|Ph.D Student||Mory Adi|
|Subject||Deciphering the Genetic Defect behind Kohlschutter-Tonz|
|Department||Department of Medicine||Supervisor||Clinical Professor Ruth Gershoni-Baruch|
|Full Thesis text|
Kohlschutter-Tonz syndrome (KTZS) is an autosomal recessive neurodegenerative disorder, characterized by intellectual impairment, spasticity, epilepsy and amelogenesis imperfecta (AI). We investigated 16 new KTZS cases, from 7 families, all originating from one Druze village. Using Genome-Wide SNP arrays and polymorphic microsatellite markers, we have located a shared homozygote interval of 586,513bp on chromosomal region 16p13.3. The shared chromosomal region harbors 17 genes, Sanger sequencing analysis was undertaken for each gene's coding exons including exon-intron boundaries. Within the Drosophila rogdi homolog (ROGDI), a homozygous nonsense mutation c.469C>T, causing a premature stop codon, p.Arg157*, was identified. KTZS affected individuals were homozygote (n=15) for the nonsense mutation while healthy family members were either heterozygote or non carriers (n=20). We otherwise identified eight carriers out of 68 unrelated, healthy inhabitants of the village in question, screened for the mutation. The mutation was not present in 180 Druze individuals from various other Druze villages in northern Israel.

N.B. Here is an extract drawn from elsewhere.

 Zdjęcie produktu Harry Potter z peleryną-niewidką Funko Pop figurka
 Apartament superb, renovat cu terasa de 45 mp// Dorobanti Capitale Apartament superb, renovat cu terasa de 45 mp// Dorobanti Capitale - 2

Human ROGDI encodes a leucin zipper protein of 287 amino acids, the function of which remains enigmatic. Large scale RNA expression studies show highest expression level of ROGDI in the nervous system compared to other organ systems. Our expression analyses indicate that human ROGDI is widely expressed, with higher levels in spinal cord, adult brain, heart, bone marrow, and peripheral blood, and lower but detectable levels in many other tissues including fetal brain. Quantitative RNA expression analyses were performed on RNA extracted from patients (n=12) and control's (n=6) blood samples. ROGDI's expression was markedly reduced in patients (80%-55%) compared to mean value obtained from controls, indicating nonsense-mediated mRNA decay. A nuclear localization of ROGDI was demonstrated by immunofluorescence studies, and strong labeling of the nuclear envelope was detected suggesting specific nuclear envelope localization for ROGDI.
This study provides the clinical data that best characterizes 16 KTZS patients. The unique KTZS phenotype that compiles mental and verbal deficiency, motor deterioration, seizures and AI is common to all affected individuals. However, age at onset and severity of convulsions parallel the progression of mental and motor disability and invariably vary among affected sibs. By late adolescence and early twenties KTZS individuals are bedridden, fed by gastrostomy, spastic, practically with no cognitive and language perception. These cases highlight a disease that is progressive by nature, the course of which is uniform, albeit being heterogeneous, as regards the severity of symptoms (seizures) and the rate of mental and motor regression.